Gdzie Jezus spędził swoje młode lata? Kogo nauczał? Czy historia spisana przez buddyjskich mnichów jest starsza niż Ewangelie? Czy zapiski z buddyjskich klasztorów pokrywają się z historią spisaną poprzez ewangelistów? Co młody Jezus robił w Indiach?
Ta książka gromadzi odpowiedzi na powyższe pytania - rodząc cały szereg kolejnych...
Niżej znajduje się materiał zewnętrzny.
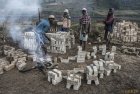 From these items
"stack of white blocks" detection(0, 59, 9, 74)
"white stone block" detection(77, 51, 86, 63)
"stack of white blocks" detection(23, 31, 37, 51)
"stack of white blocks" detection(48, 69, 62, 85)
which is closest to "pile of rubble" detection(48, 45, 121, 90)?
"stack of white blocks" detection(48, 69, 62, 85)

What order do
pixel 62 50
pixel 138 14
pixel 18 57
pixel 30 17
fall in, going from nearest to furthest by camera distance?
pixel 18 57, pixel 62 50, pixel 30 17, pixel 138 14

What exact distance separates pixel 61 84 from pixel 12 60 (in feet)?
9.11

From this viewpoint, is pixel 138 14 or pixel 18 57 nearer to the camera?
pixel 18 57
- W jakim języku zapisane są główne zwoje dotyczące życia Issy (Jezusa)? - zapytałem, podnosząc się z mojego miejsca, gdyż dostrzegłem, iż mój atrakcyjny rozmówca wykazywał zmęczenie i właśnie wykonał obrót swym młynkiem modlitewnym, jakby sugerując zakończenie rozmowy.
- Oryginalne zwoje przywiezione z Indii do Nepalu, i z Nepalu do Tybetu, odnoszące się do życia Issy, są napisane w języku Pali i znajdują się w Lhasie; lecz kopia w naszym języku – mam na myśli tybetański – znajduje się w tym klasztorze.
- Jak Issa jest postrzegany w Tybecie? Czy cieszy się opinią świętego?
- Ludzie nie są choćby świadomi, że kiedykolwiek istniał. Tylko główni lamowie, którzy wiedzą o nim dzięki przestudiowaniu zwojów, opisujących jego życie, znają jego imię, lecz ponieważ jego doktryna nie stanowi kanonicznej części buddyzmu, a czciciele Issy nie uznają autorytetu Dalajlamy, prorok Issa – wraz z wieloma innymi jemu podobnymi – nie jest uznawany w Tybecie za jednego z głównych świętych.
- Czy popełniłbyś grzech, przekazując nieznajomemu treść waszej kopii życia Issy? - zapytałem go.
- To, co należy do Boga - odpowiedział mi - należy także do człowieka. Spoczywa na nas obowiązek, abyśmy z radością poświęcili się rozpowszechnianiu Jego nauki. Tyle tylko,aktualnie nie wiem, gdzie jest ten manuskrypt. Jeśli kiedykolwiek ponownie odwiedzisz naszą gonpę, z przyjemnością go pokażę.